REQUIRED WORK. From the line below containing "восстановление передних зубов" to the final line, print each line exactly as written. No pictures belong in the copy.

DATA.
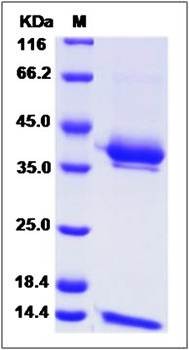SDS-PAGE analysis of Cynomolgus CD1E (His Tag) protein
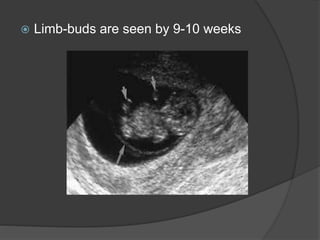  Limb-buds are seen by 9-10 weeks
 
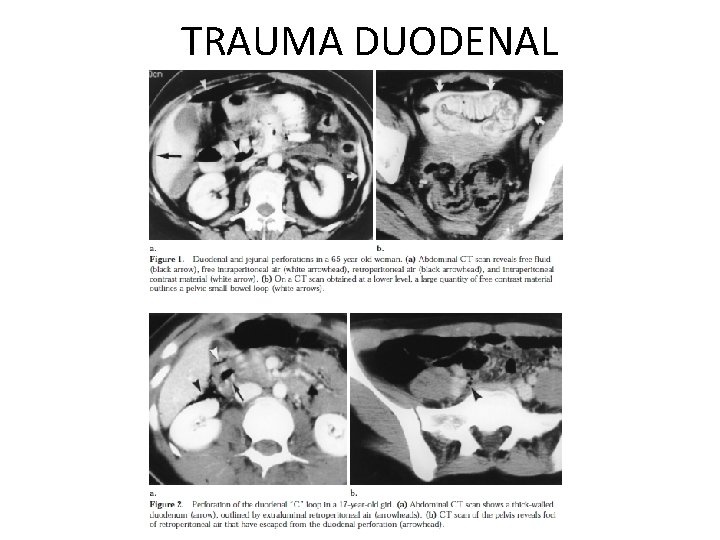 TRAUMA DUODENAL 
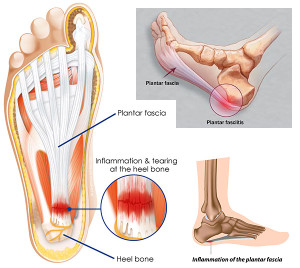 First aid for Plantar Fasciitis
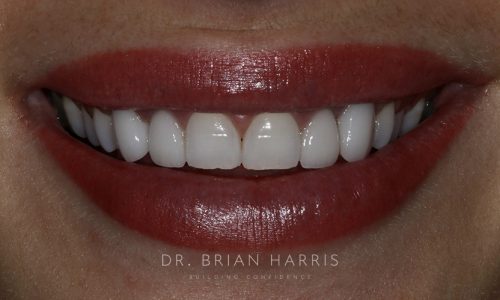 32 after dr brian harris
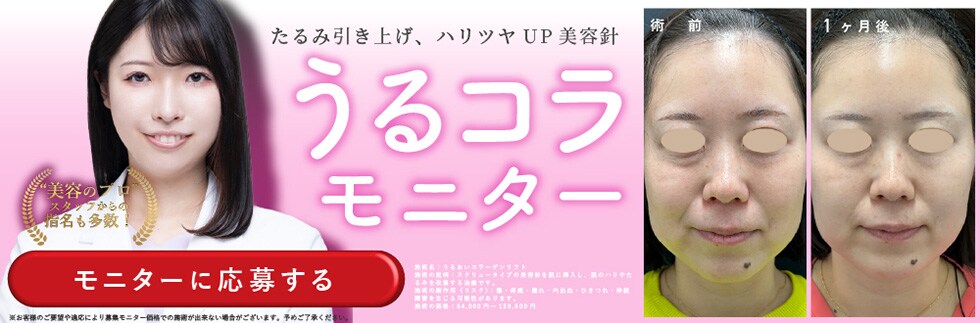 ウルコラモニター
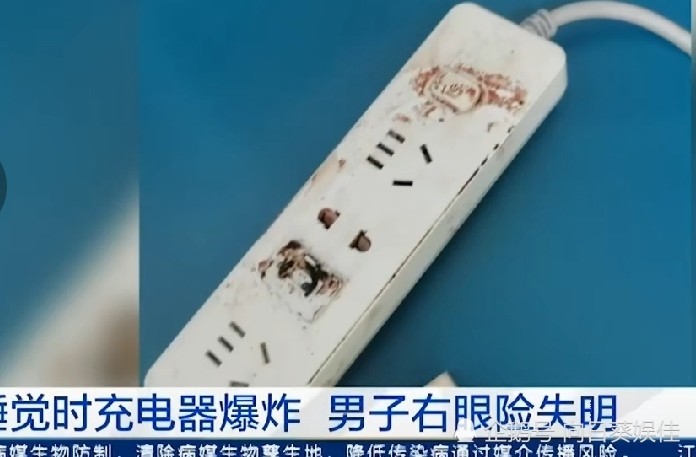睡觉时充电器爆炸险失明!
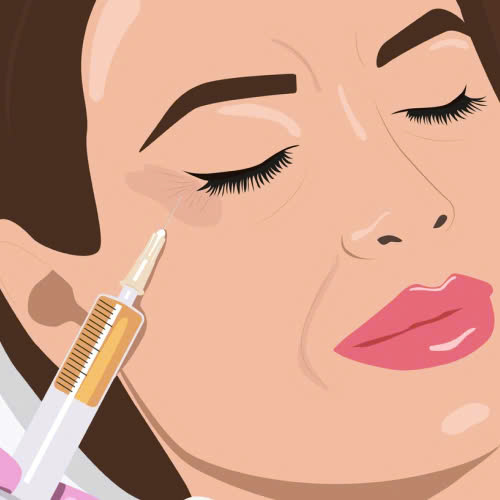 tiem-botox-bao-lau-thi-tan-giai-dap-chi-tiet-va-nhung-dieu-can-biet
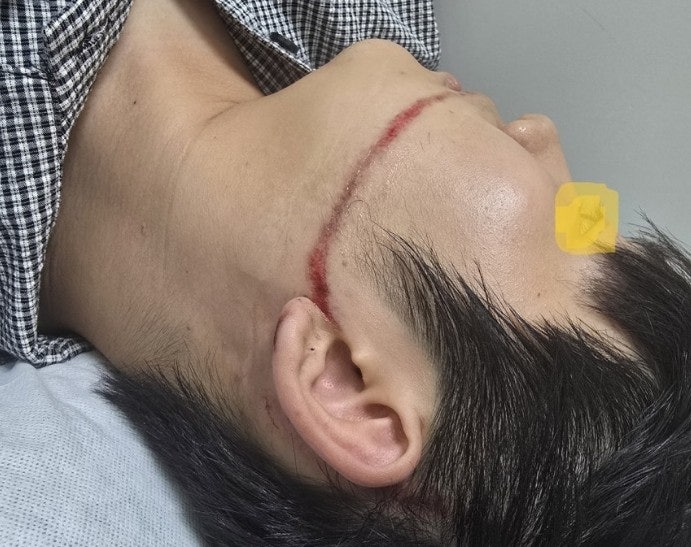 <b>물 축제</b>서 <b>워터건</b> 맞아 얼굴 50 봉합한 대학생…주최 측 고소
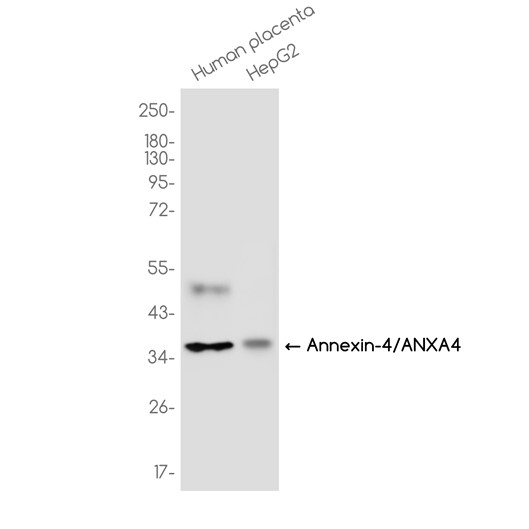 AYD13296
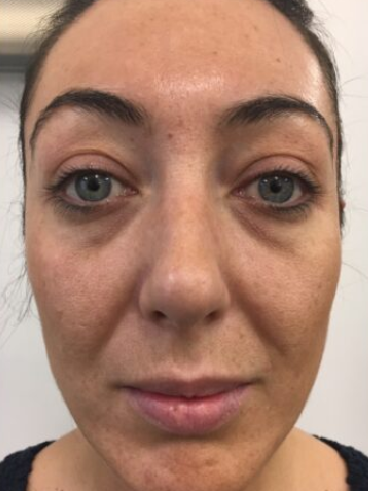 Before image for Μαρίνα Π.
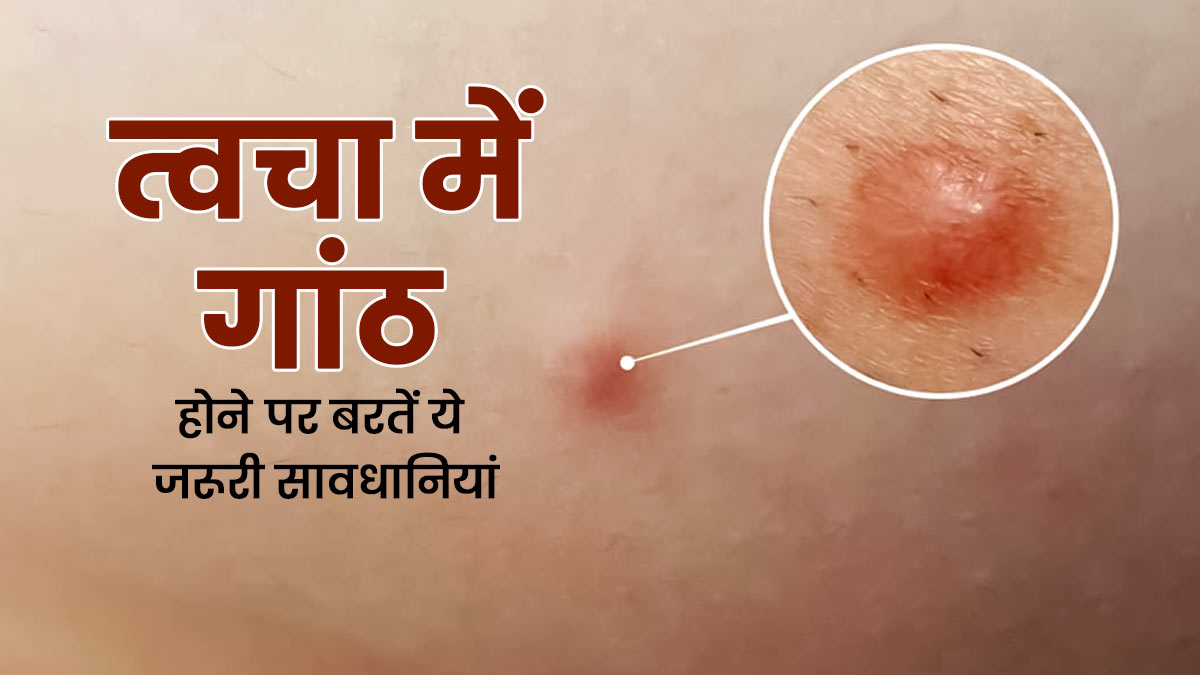 Skin Lump: त्वचा में गांठ होने पर बरतें जरूरी सावधान‍ियां, डॉक्‍टर से जानें इस दौरान क्या करें और क्या नहीं 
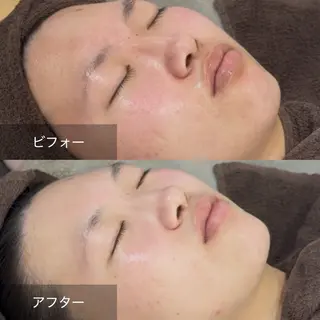 美sorciere所属・現役看護師サロン めぐみのエステ・リラクイメージ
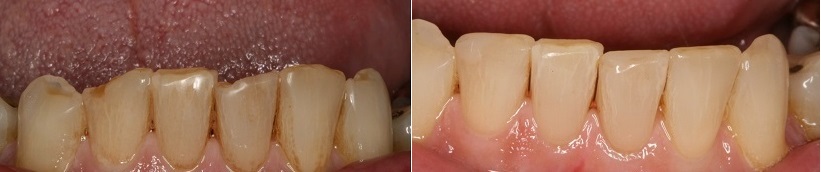 восстановление передних зубов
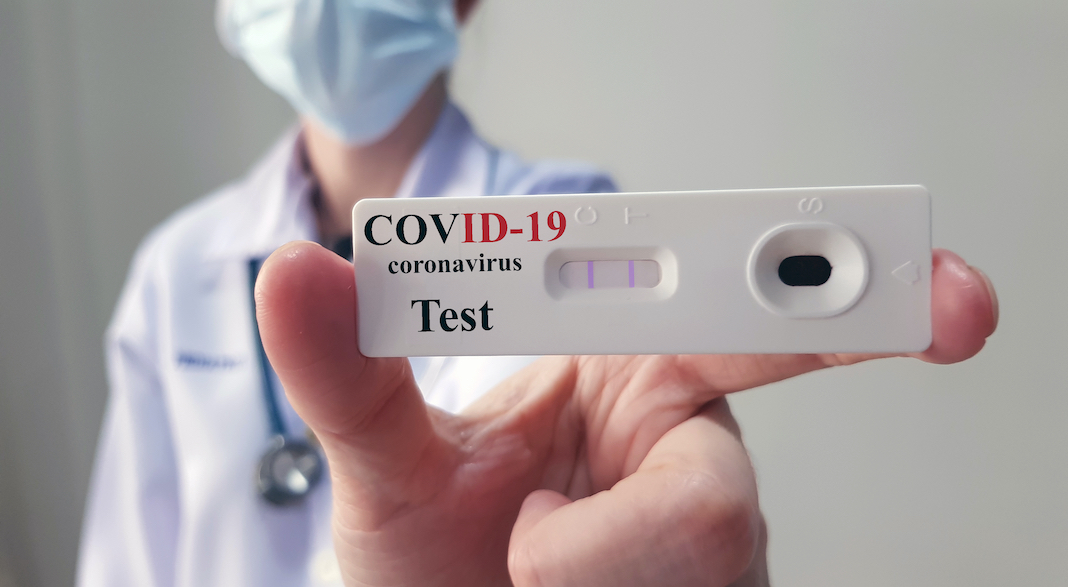 test immunite covid 19 coronavirus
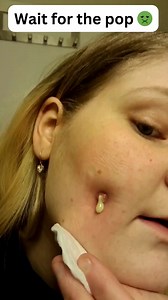 49K views · 159 reactions | My favorite watch 襤 | Pimple Popping | Facebook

EXERCISE OUTPUT.
 восстановление передних зубов
 test immunite covid 19 coronavirus
 49K views · 159 reactions | My favorite watch 襤 | Pimple Popping | Facebook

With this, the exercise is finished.